Task goal => Set the data down exactly as it stands, and keep its pictures out.

Data =>
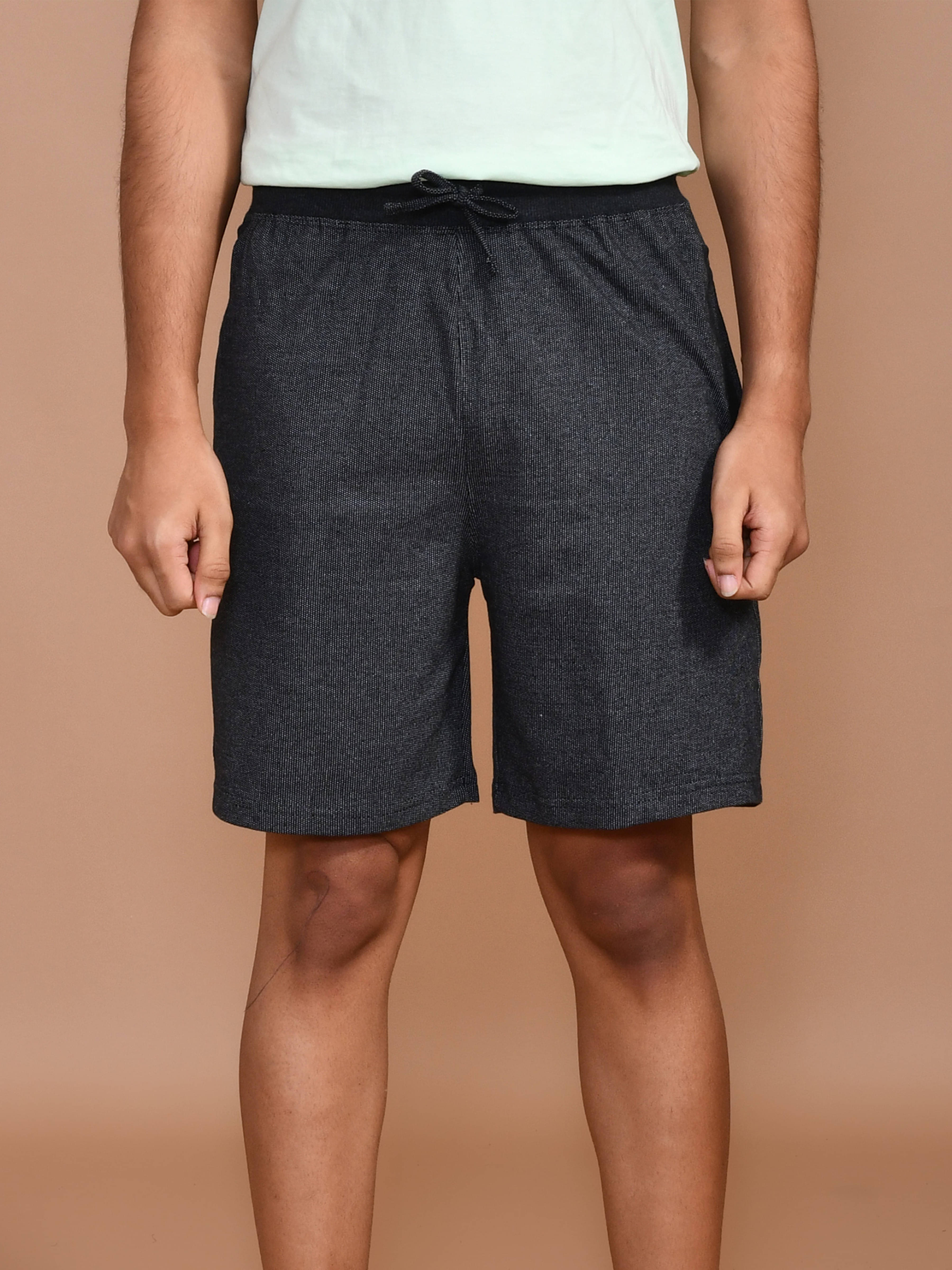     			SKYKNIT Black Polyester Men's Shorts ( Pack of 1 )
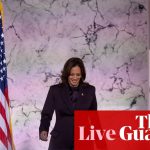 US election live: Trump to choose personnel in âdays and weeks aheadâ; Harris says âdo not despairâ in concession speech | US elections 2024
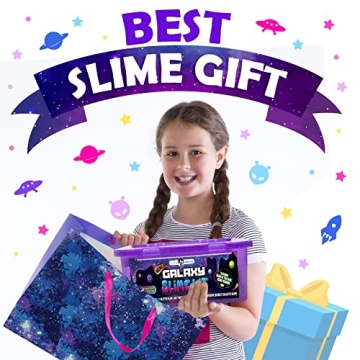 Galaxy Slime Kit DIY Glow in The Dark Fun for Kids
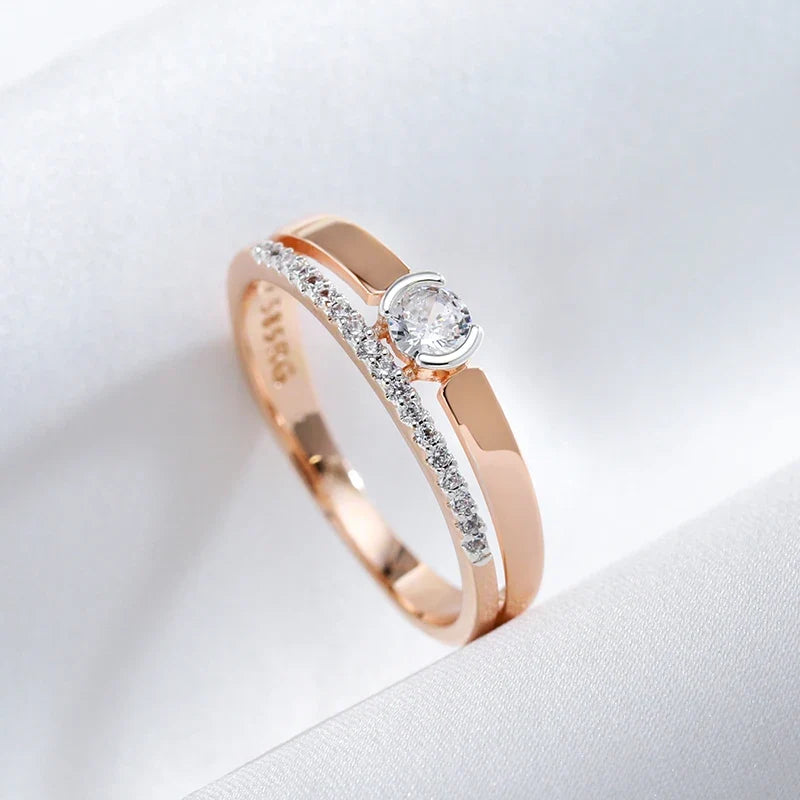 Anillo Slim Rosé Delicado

Answer to the problem =>
     			SKYKNIT Black Polyester Men's Shorts ( Pack of 1 )
 US election live: Trump to choose personnel in âdays and weeks aheadâ; Harris says âdo not despairâ in concession speech | US elections 2024
 Galaxy Slime Kit DIY Glow in The Dark Fun for Kids
 Anillo Slim Rosé Delicado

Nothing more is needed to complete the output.